--- Supplied data Enclosed Below ---

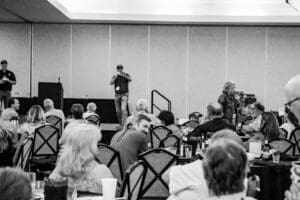 Conference attendees seated in a meeting room.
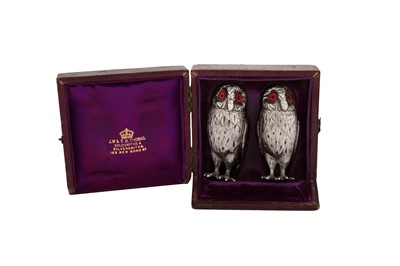 Lot 41 - A cased pair of Victorian sterling silver novelty pepper pots, London 1867 by Richards and Brown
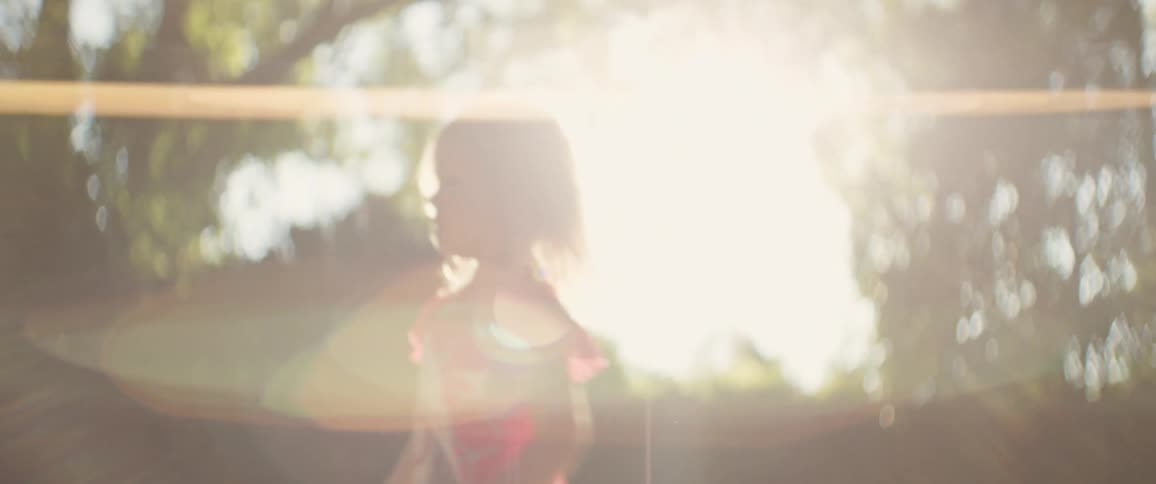 Little girl plays outdoors in warm golden sunlight while swinging a teddy bear in the backyard
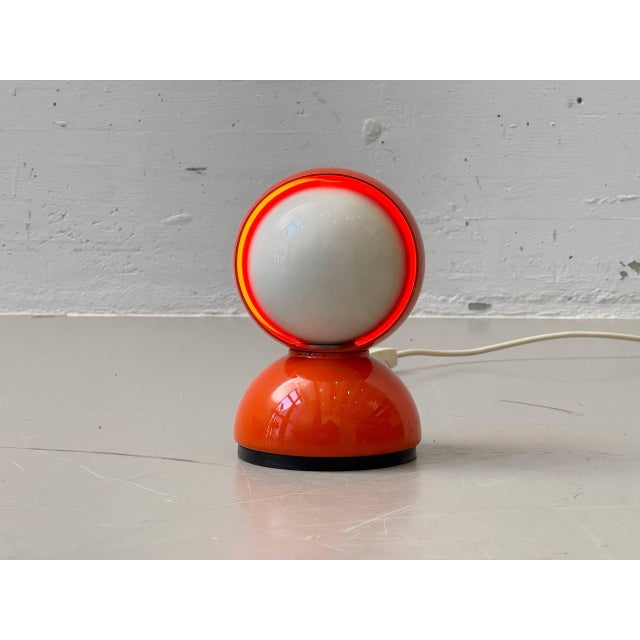 The iconic eclisse table lamp, designed in 1965 by vico magistretti for artemide, is one of the most famous italian design...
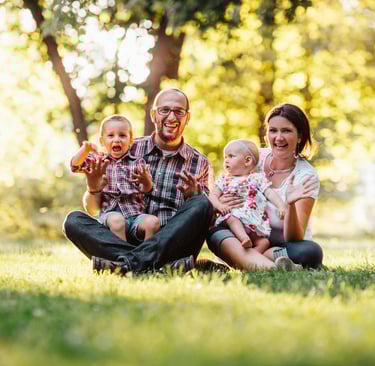 homem e mulher sentados em um gramado, cada um segura uma criança, expressão de felicidade no rosto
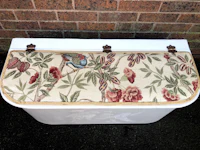 a laundry basket with a floral pattern on it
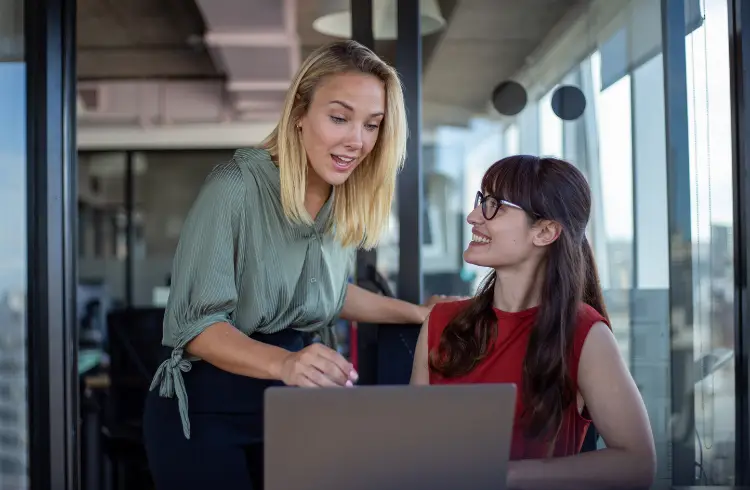 Two young professionals discuss something over a laptop.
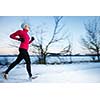 Young woman running outdoors on a cold winter day (motion blurred image)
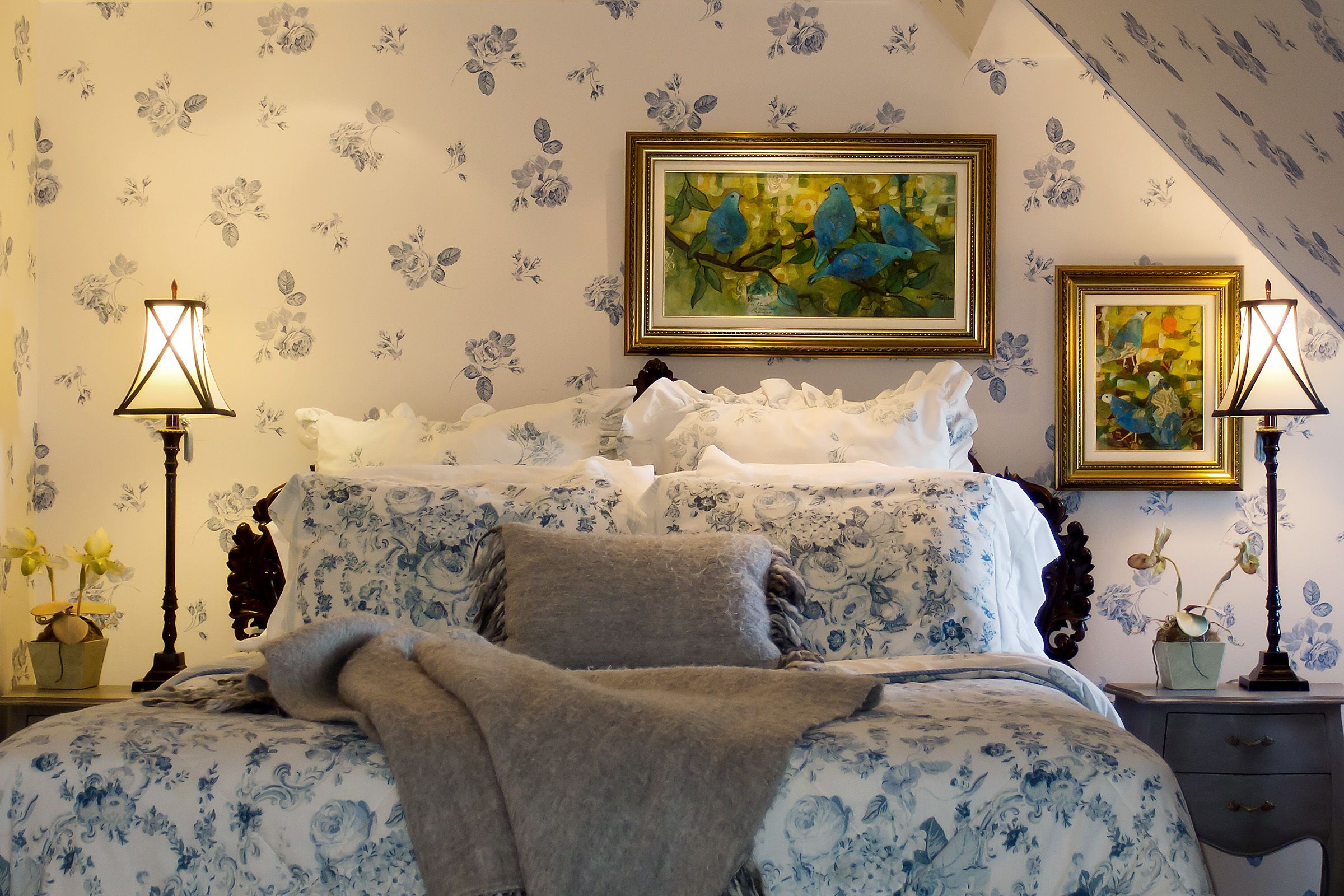 Une chambre à coucher avec un papier peint à motifs floraux, un lit recouvert d’une couverture grise, deux lampes de chevet et deux tableaux encadrés.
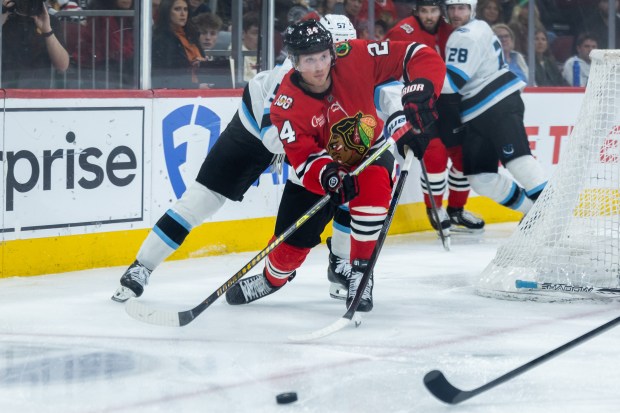 Chicago Blackhawks center Sam Lafferty (24) passes the puck in the third period against the Mammoth on Monday, March, 9, 2026, at the United Center. (Josh Boland/Chicago Tribune)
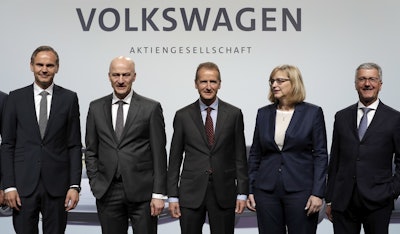 Herbert Diess, center , CEO of the Volkswagen stock company, and the members of the Board of Management of Volkswagen, Hiltrud Dorothea Werner, 2nd right, and Frank Witter, 2nd left, Oliver Blume, left, CEO of Porsche AG, and Rupert Stadler, right, CEO of Audi AG, pose for the media prior to the shareholder's meeting in Berlin, Germany, Thursday, May 3, 2018. Image credit: AP Photo/Michael Sohn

--- End of Enclosed Supplied data ---

# Your objective
Pictures are not part of the answer, which must be the exact lines from the one holding "Une chambre à" through the end of the material, both ends included.

# Output for this task
 Une chambre à coucher avec un papier peint à motifs floraux, un lit recouvert d’une couverture grise, deux lampes de chevet et deux tableaux encadrés.
 Chicago Blackhawks center Sam Lafferty (24) passes the puck in the third period against the Mammoth on Monday, March, 9, 2026, at the United Center. (Josh Boland/Chicago Tribune)
 Herbert Diess, center , CEO of the Volkswagen stock company, and the members of the Board of Management of Volkswagen, Hiltrud Dorothea Werner, 2nd right, and Frank Witter, 2nd left, Oliver Blume, left, CEO of Porsche AG, and Rupert Stadler, right, CEO of Audi AG, pose for the media prior to the shareholder's meeting in Berlin, Germany, Thursday, May 3, 2018. Image credit: AP Photo/Michael Sohn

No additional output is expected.